# Exercise instructions
Find the line with "Industry Electricity Ventilation" in the records below. Output exactly from there until after the line with "Appartement avec 1", without pictures.

# Supplied information
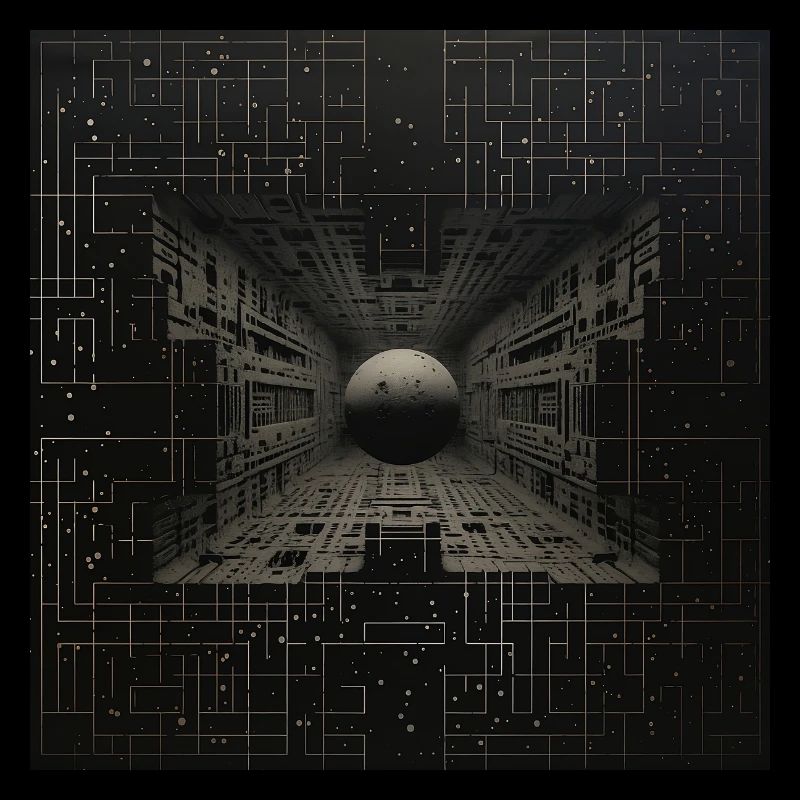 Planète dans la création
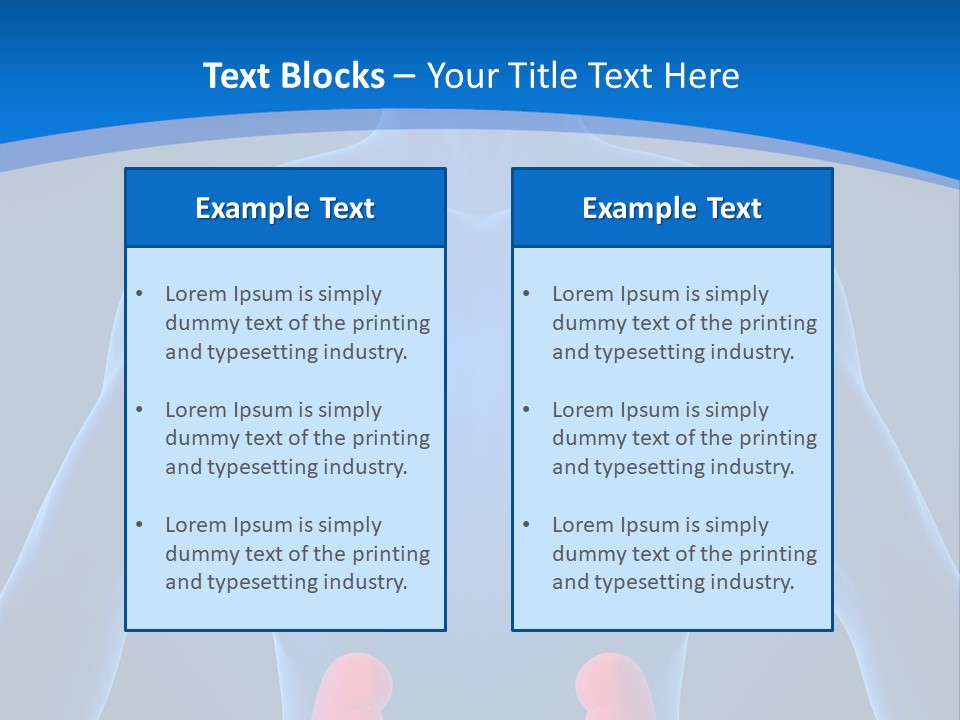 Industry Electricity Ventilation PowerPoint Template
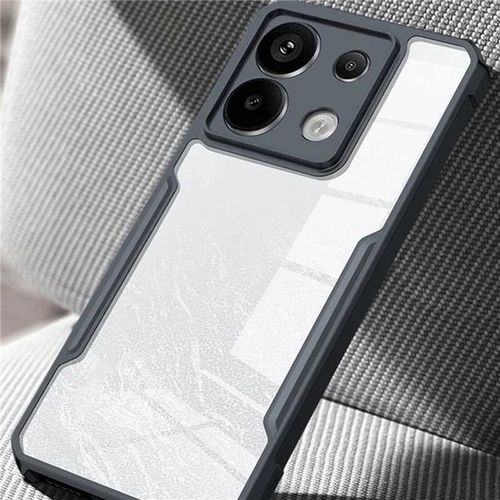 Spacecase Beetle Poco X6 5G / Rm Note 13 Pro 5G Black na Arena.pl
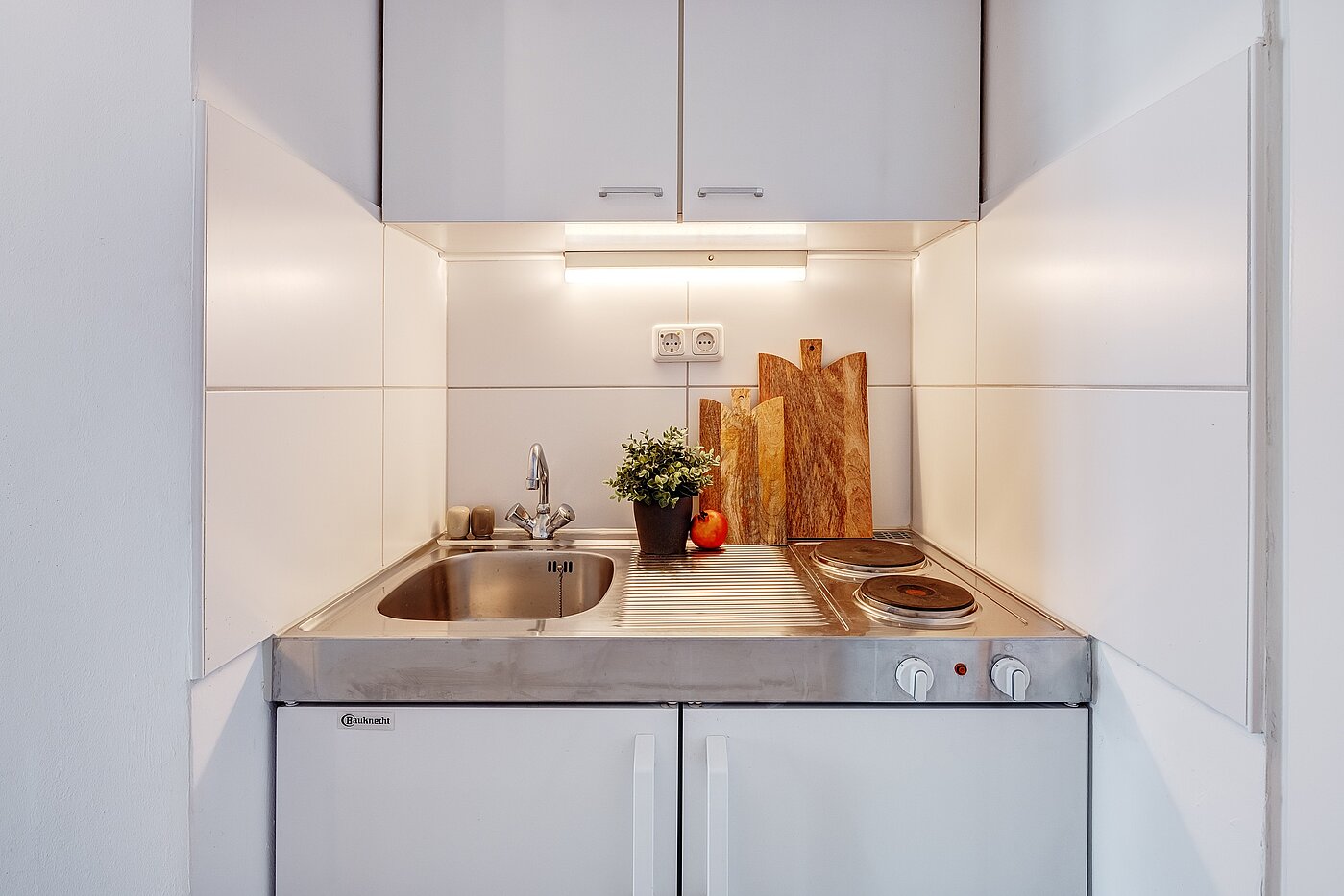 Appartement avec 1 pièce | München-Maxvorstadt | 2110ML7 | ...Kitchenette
* * *
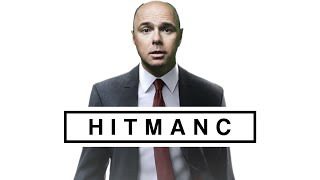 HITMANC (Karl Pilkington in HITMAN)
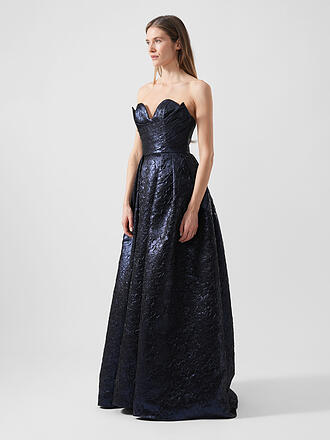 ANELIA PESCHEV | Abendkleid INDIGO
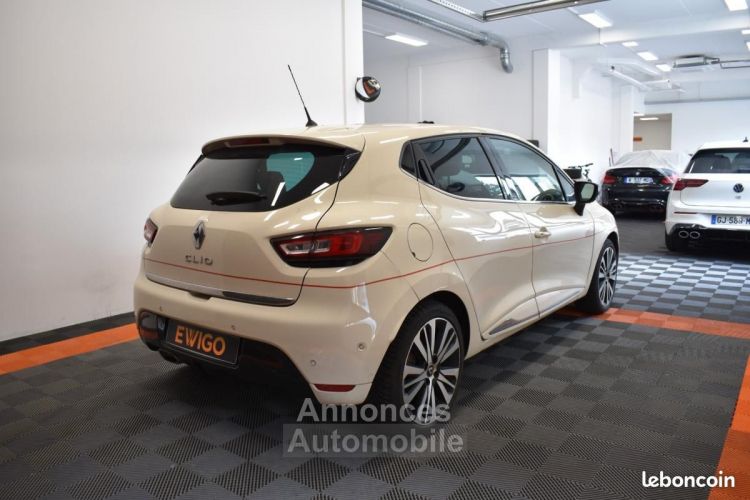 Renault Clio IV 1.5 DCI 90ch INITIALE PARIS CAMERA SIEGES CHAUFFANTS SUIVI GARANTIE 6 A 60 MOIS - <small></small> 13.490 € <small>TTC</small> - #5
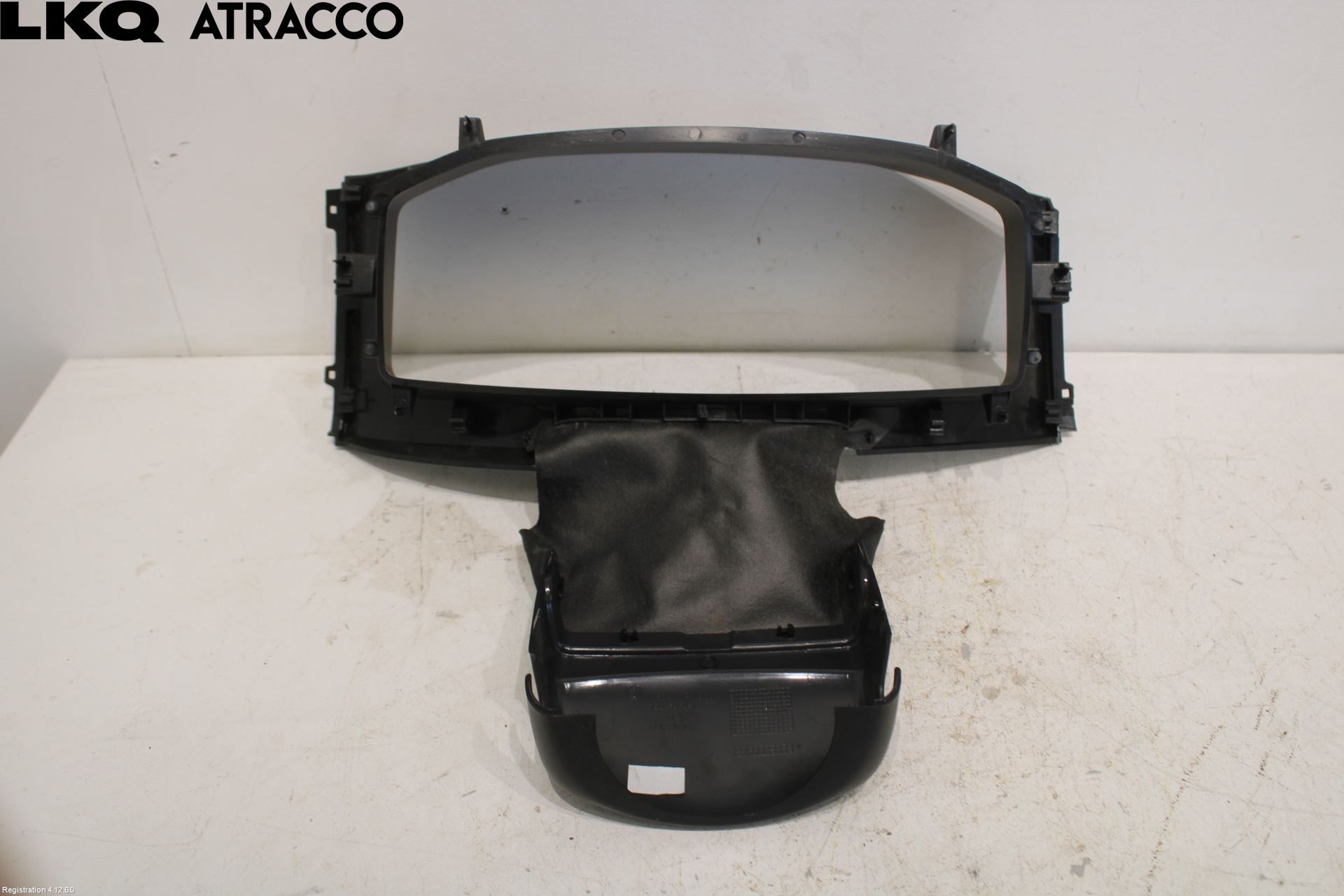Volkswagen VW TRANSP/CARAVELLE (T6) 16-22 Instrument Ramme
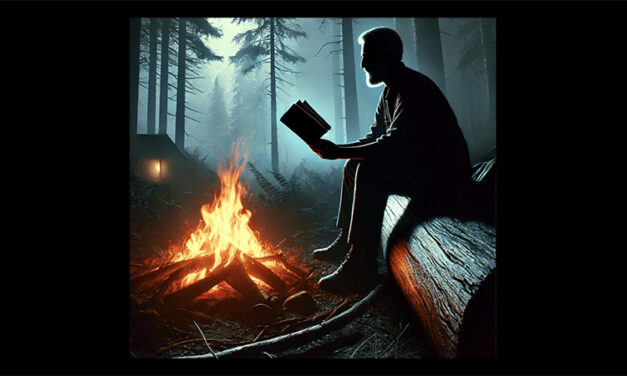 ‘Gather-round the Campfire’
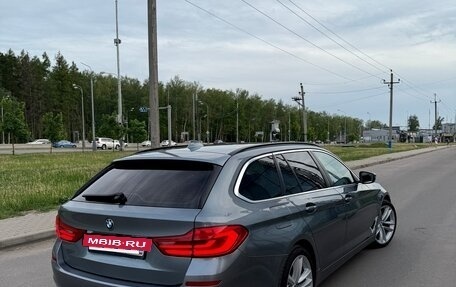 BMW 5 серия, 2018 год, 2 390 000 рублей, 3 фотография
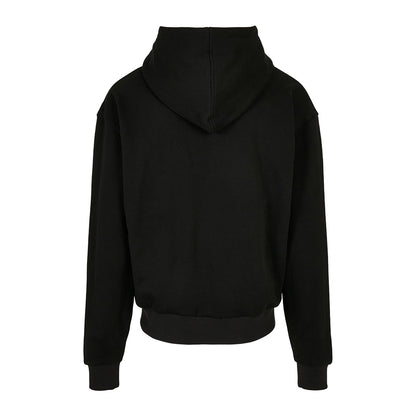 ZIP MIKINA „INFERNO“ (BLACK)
==
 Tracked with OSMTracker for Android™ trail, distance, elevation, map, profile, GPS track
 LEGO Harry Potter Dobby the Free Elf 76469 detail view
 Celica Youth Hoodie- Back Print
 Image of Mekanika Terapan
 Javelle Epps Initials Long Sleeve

# Written reply
 Industry Electricity Ventilation PowerPoint Template
 Spacecase Beetle Poco X6 5G / Rm Note 13 Pro 5G Black na Arena.pl
 Appartement avec 1 pièce | München-Maxvorstadt | 2110ML7 | ...Kitchenette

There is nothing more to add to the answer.